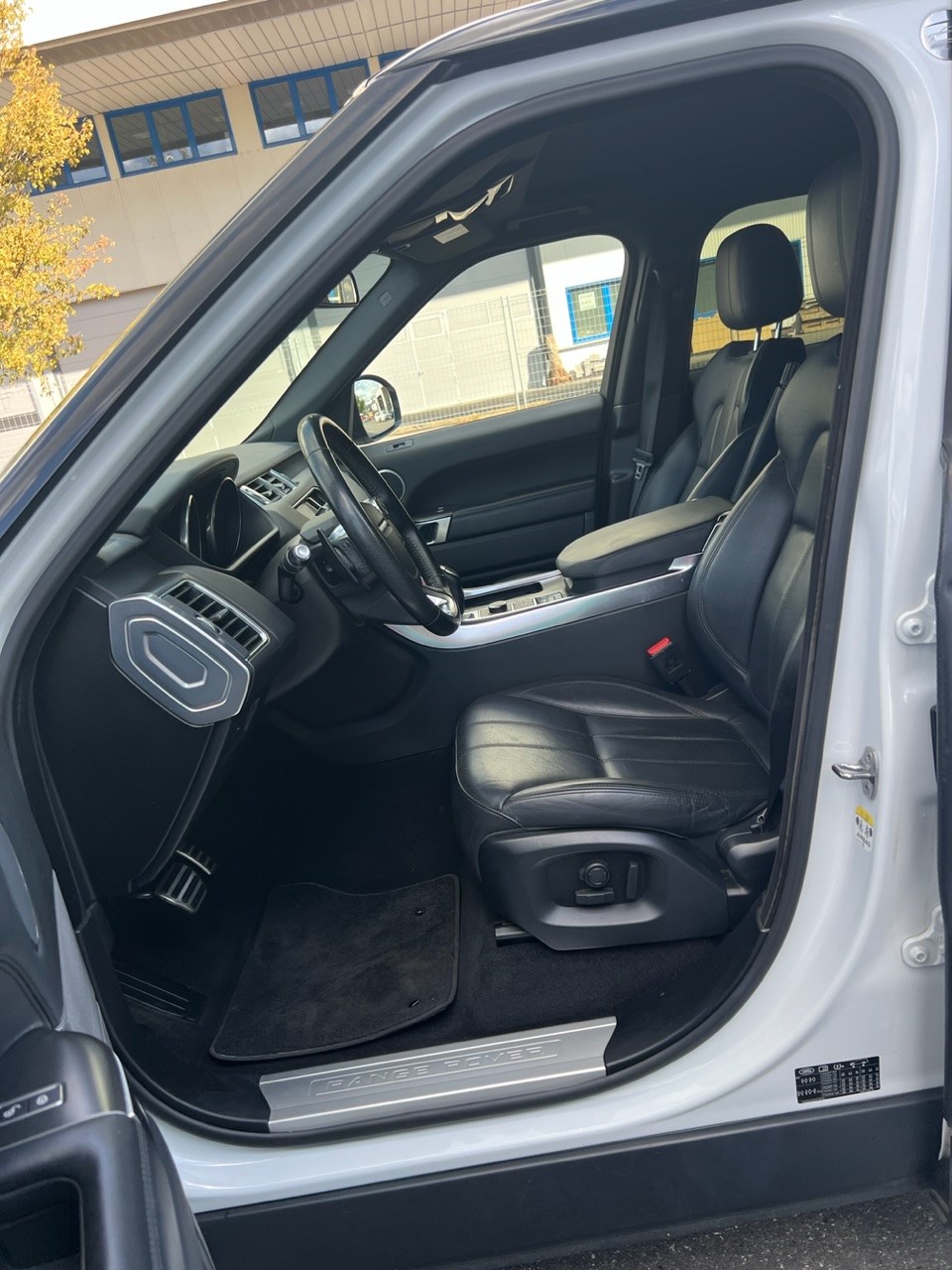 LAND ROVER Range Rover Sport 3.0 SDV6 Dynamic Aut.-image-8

◆ ◆ ◆

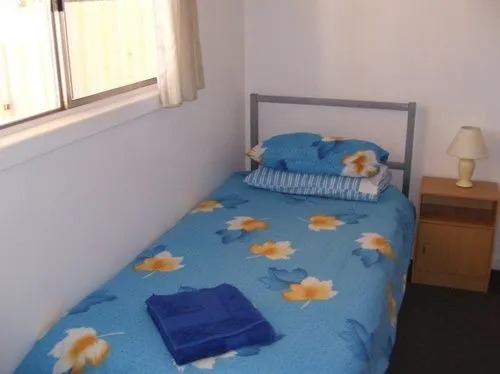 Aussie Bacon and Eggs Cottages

◆ ◆ ◆

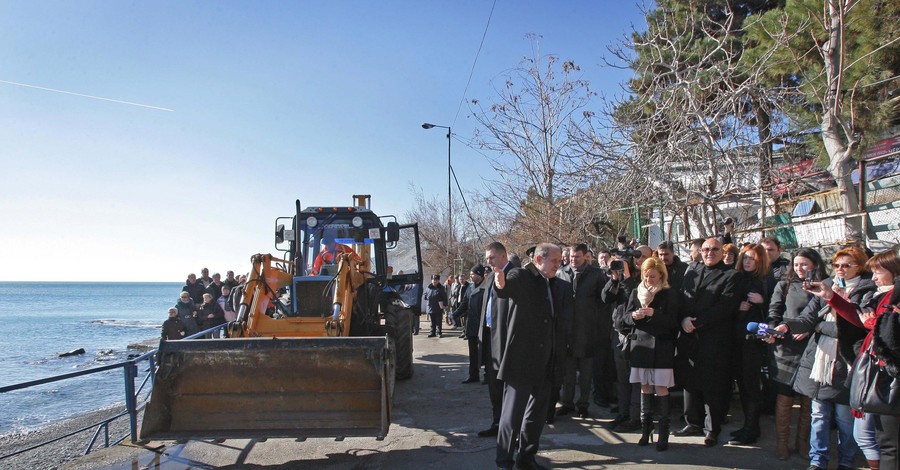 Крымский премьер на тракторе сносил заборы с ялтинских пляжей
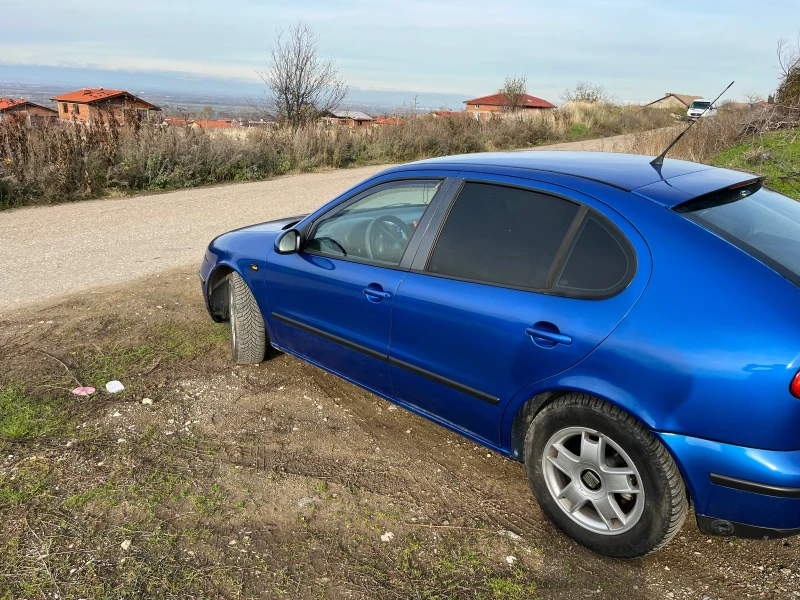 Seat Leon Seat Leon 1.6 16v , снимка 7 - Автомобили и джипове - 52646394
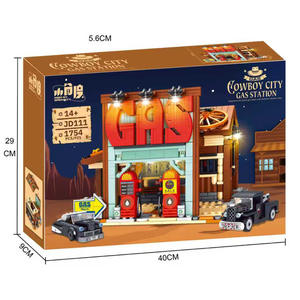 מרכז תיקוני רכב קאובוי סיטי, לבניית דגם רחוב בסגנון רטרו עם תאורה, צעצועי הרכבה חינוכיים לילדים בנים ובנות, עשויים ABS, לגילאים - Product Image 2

◆ ◆ ◆

_TRY IT_
Excluding any pictures, print exactly the lines of the listing above from the line with "Крымский премьер на" to the line with "מרכז תיקוני רכב", both ends included.

_REPLY TO THE TASK_
 Крымский премьер на тракторе сносил заборы с ялтинских пляжей
 Seat Leon Seat Leon 1.6 16v , снимка 7 - Автомобили и джипове - 52646394
 מרכז תיקוני רכב קאובוי סיטי, לבניית דגם רחוב בסגנון רטרו עם תאורה, צעצועי הרכבה חינוכיים לילדים בנים ובנות, עשויים ABS, לגילאים - Product Image 2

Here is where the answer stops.